Surprising fact: Yonkers is the fourth largest city in New York state, ahead of Syracuse and Albany. Home to 195,000 people and covering 18 square miles, the city exists (almost literally) in the shadow of the great metropolis immediately to its south. I grew up in the Riverdale section of the Bronx, and as a teenager Yonkers was wearingly familiar to me. It was not an especially pretty place to visit, but it’s movie theaters and shopping malls were easier to reach than midtown or Times Square. Plus, many of my friends lived there.

Then and now, Yonkers is a mystery for many New Yorkers, a place they pass through on the train on their way to more scenic parts of the Hudson Valley. The new HBO miniseries, "Show Me a Hero,” about the fraught politics of 1980s housing policies in Yonkers, may not change any of that, but it could lend the city the sort of pop culture attraction that Baltimore now enjoys thanks to “The Wire.” “Show Me a Hero” is also written by that show’s creator, David Simon, and is directed by Oscar winner Paul Haggis. Based on a non-fiction book by Lisa Belkin, it began airing on HBO last night and continues for the next two Sundays. I’ll be posting post-show commentary for the next two weeks.

It is obvious, from the moment the film begins, that Yonkers is a middle class town. The politicians wear ill-fitting suits and live in pretty but slightly run-down homes. City councilman Nick Wasicsko, played by Oscar Isaac, lives with his mother, but he has higher aspirations, including a new secretary in the mayor’s office and, possibly, the mayor’s office itself. He is invited to run for mayor by a colleague, and it is a sign of his narcissism that he agrees, even thought he knows he has little shot at hizzoner’s chair. 

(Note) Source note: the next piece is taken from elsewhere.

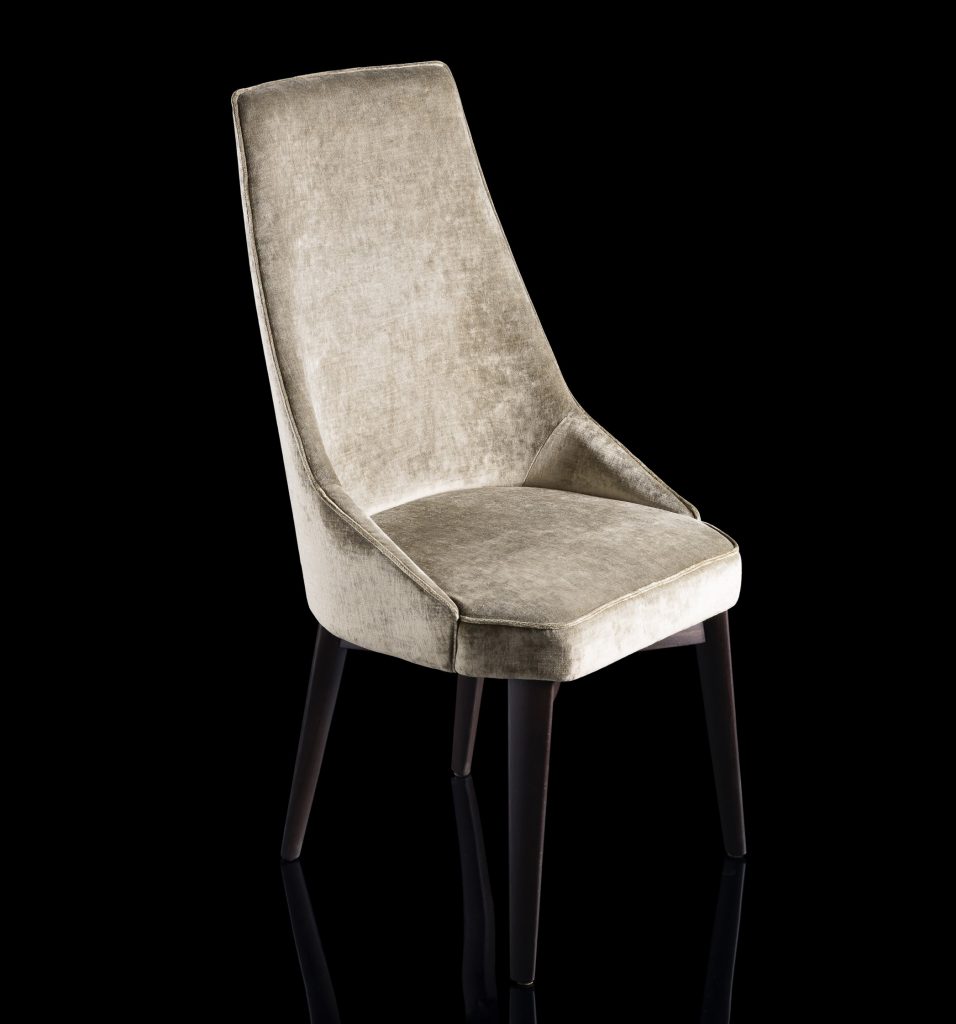 Is A Chair in gray fabric with for legs in black eucalyptus wood on a black background.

Surprising everyone, including himself, Wasicsko wins, propelled by an anti-incumbent campaign that targeted the mayor for his willingness to go along with a federal court order that mandated the building of affordable housing in mostly white neighborhoods. The council is also divided on the order, which pits middle class home owners against the NAACP and others fighting for minorities who live in deteriorating housing projects west of the parkway that divides the city. 

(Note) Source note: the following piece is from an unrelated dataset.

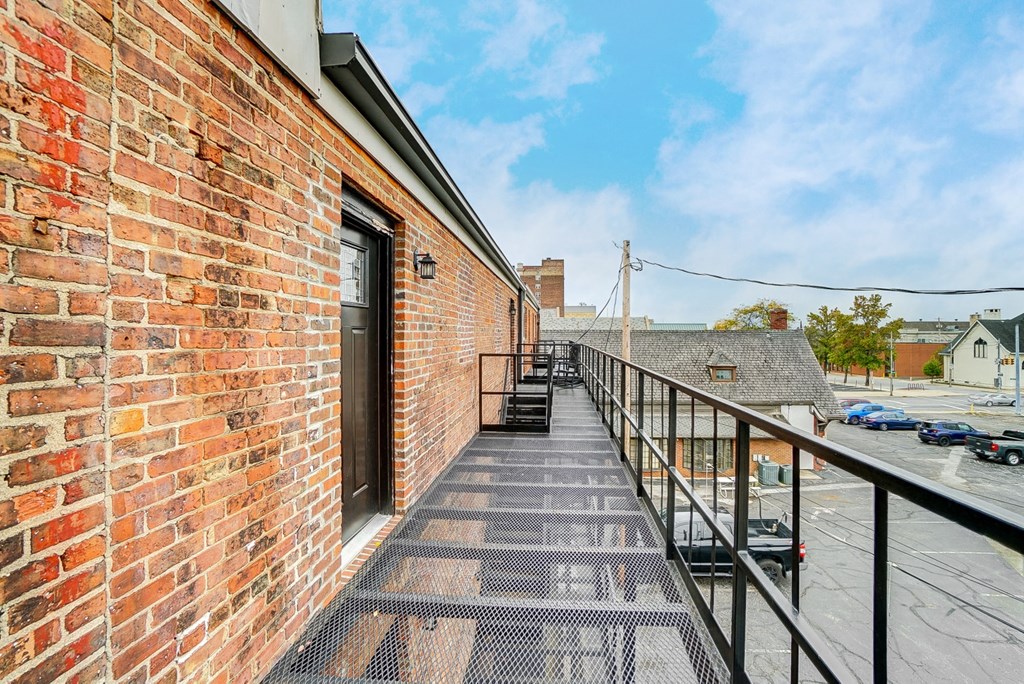 the balcony has a view of the city and a brick building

Simon and his co-creators are interested in less in the rightness of the housing policy (though it is obvious they are sympathetic to its goals) than in its effect on the people of Yonkers. The campaign against the housing plan is vicious, with residents showing up at city hall meeting with guns and throwing pampers at the “baby” (28-year-old) mayor. The homeowners are pretty much all white, many of them Catholic, and some of them are suspicious of the Jewish judge who handed down the order. It’s not a pretty picture. 

When Cardinal John O’Connor agrees to build low-income housing on a slice of his seminary’s property in Yonkers, local parishioners are incensed and refuse to donate to the annual cardinal’s appear. The series suggests that the cardinal later went back on his promise because of pressure from his flock. Based on this New York Times report from Peter Steinfels in 1988, I suspect the story is more complicated—we’ll see how the storyline plays out.

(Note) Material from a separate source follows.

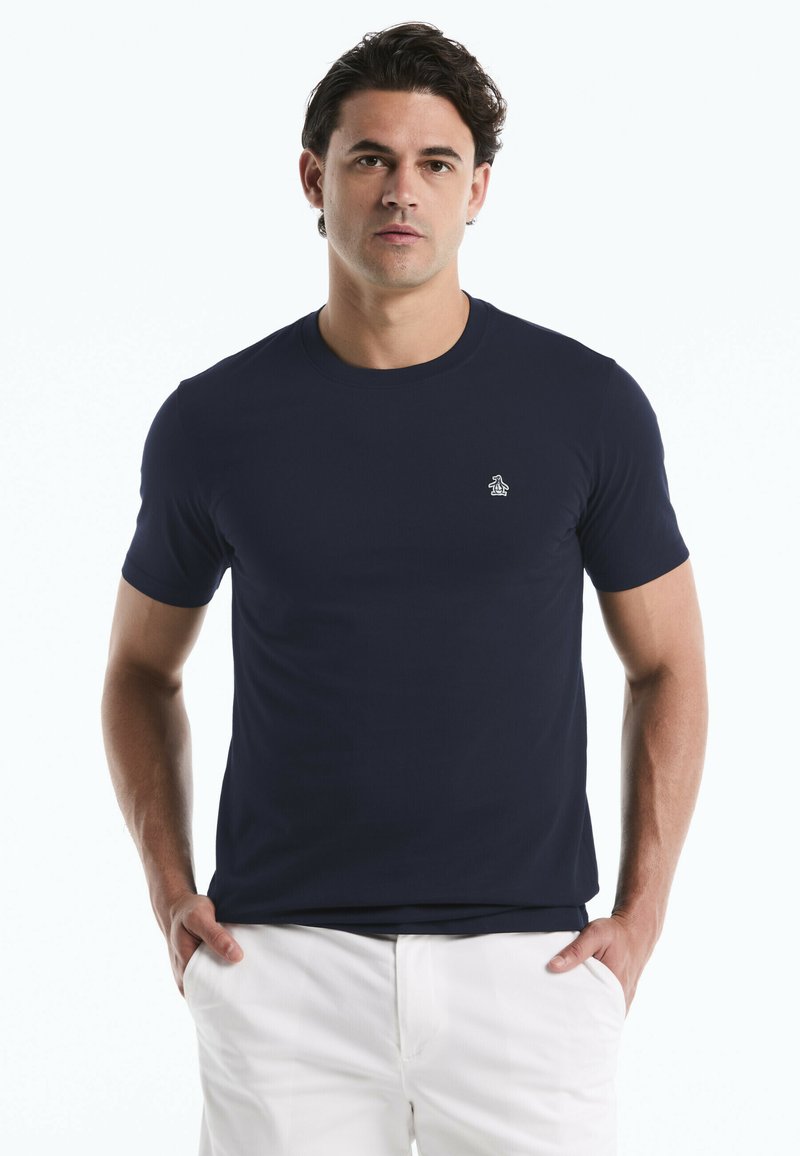 Homme portant un T-shirt bleu marine ajusté avec un logo de manchot sur la poitrine et un pantalon blanc, debout les mains dans les poches sur un fond blanc.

It is to Simon and his collaborators' credit that, as ugly as the “not in my backyard” rhetoric becomes, the residents of Yonkers are not wholly demonized. These are, after all, working class families who are living in probably the first house they ever owned. Not too long ago, they lived in the inner city themselves, and they don’t want to go back there. Nor can they afford to move into wealthier neighborhoods or send their children to expensive private schools. This is another sad story of class division, made all the more tragic by the fact that the classes at war are not that far apart.

At the heart of the class combat is fear, a fear that is made worse by the fact the black, brown and white residents of Yonkers know very little about one another. This is, perhaps, is the strongest argument in favor of integration, in Yonkers and elsewhere. If we do not live next to people of different races or classes, or send our children to the same schools, it is far easier to demonize them as the “other.” But “Show Me a Hero” also shows how painful forced integration can be, and seems to raise questions about whether blunt government action is the best tool to achieve the desired end. It reminds us that in 1980s public housing was largely a failure, so the notion that it could work in Yonkers was sometimes rightfully seen as quixotic.

Episode 2 ends with a few city councilman facing jail time as they dig in against a final court order mandating the building of affordable housing. The mayor is in favor of the plan, if only to avoid plunging the city into bankruptcy, and he begins to articulate his reasoning to a skeptical constituent on the phone: “A leader is supposed to lead and that’s what I’m trying to do.”

Leadership sometimes also means taking people in a direction they don’t want to go. Whether the mayor can succeed in the face of stiff opposition and a tight two-year election cycle is very much an open question. 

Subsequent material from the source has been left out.